猫は、目の前に虫が現れた時など捕獲することがあります。そして、捕まえた獲物を口にくわえて飼い主さんのもとに持ってくることがあります。時にスリッパとか、雑巾までをくわえて持ってくることもあるようです。

お土産を持って見せる猫は、「こんなのとってきたよ」と飼い主さんに無邪気に甘えて来て、褒めて欲しいのかもしれません。

甘噛みをしてくる

子猫の場合、遊んでいる時とか、甘える時に甘噛みをしてくることがあります。なでてあげている時に突然甘噛みをしてくることもあります。もしかすると、このような場合、猫の甘える気持ちの方が先行し過ぎてしまって、猫が興奮状態になり甘噛みになったのかもしれません。

毛づくろいをする

その他、甘えているとまで言えるかどうかは微妙ですが、毛づくろいをしている時は、リラックスしている時ではあると思われます。猫は毎日のように毛づくろいをします。毛づくろいは体温の調節をしたり体をきれいにするだけでなく、リラックスするためにも行われる習性だとも考えられています。

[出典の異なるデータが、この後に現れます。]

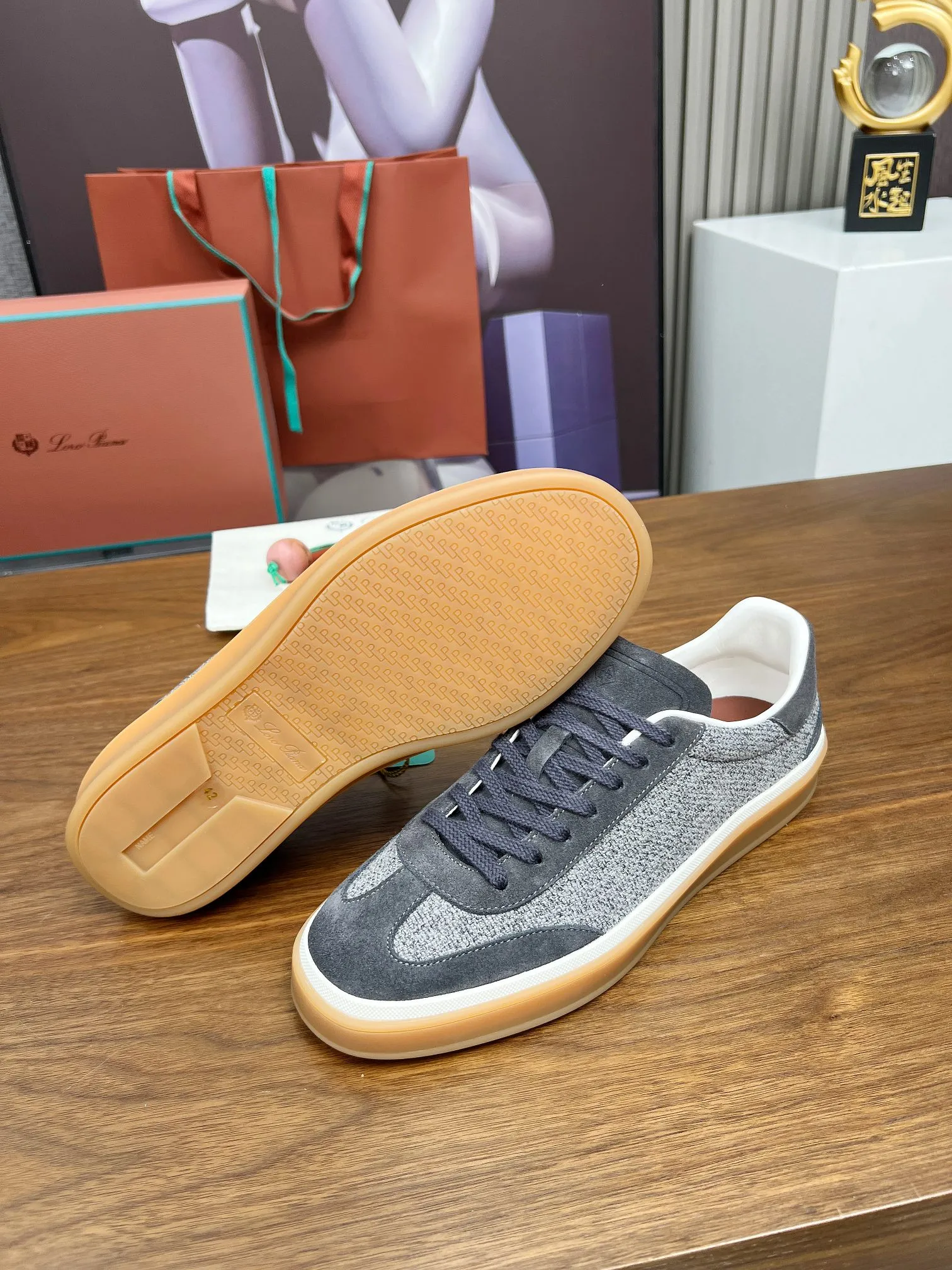 👟👟Ex-factory price 540👟👟Male code +10 purchasing agent grade, high version🦅⛳️Italy [Loro Piana] Tennis walk series LP couple moral training shoes casual sports shoes sneakers🎁🎁 Original purchase development and production This new suede tennis shoe adopts ultra-low design, suitable for wearing all year round👫👫 The wrapped sole creates an effortlessly attractive color combination that harmoniously blends functionality with understated style, making it the ideal shoe for urban wear. Soft calfskin tongue with Kummel color insert at the heel, cotton lace upper with embossed LP logo, cowhide suede sole, rubber-lined calfskin ✦ Upper: special linen ➕ eco-friendly cowhide ✦ lining: cowhide lining ➕ cowhide insole ✦ sole: original molded TPR ultra-light outsole ✦ packaging: original complete package ✦Female size: 35--40 ✦Male size: 39--45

猫は子猫の時に、母猫に体を舐めて毛づくろいをしてもらっていたものです。それで、子猫もそうですが、成猫も、毛づくろいをすることでリラックスするようです。

しっぽをぴんと立てながら歩く

尻尾、しっぽをぴんと立てて歩くしぐさは、甘えている時や嬉しい時に見せるしぐさです。他にも、ゆっくりと大きくしっぽを振っている時は、リラックスして安心している時の状況です。

一方、猫が、尻尾を左右に激しくふっている時は、不機嫌でストレスが溜まっていたり、いらいらしているような時と考えられます。そのような状況ですと、とても甘えているとは言えない状況でしょう。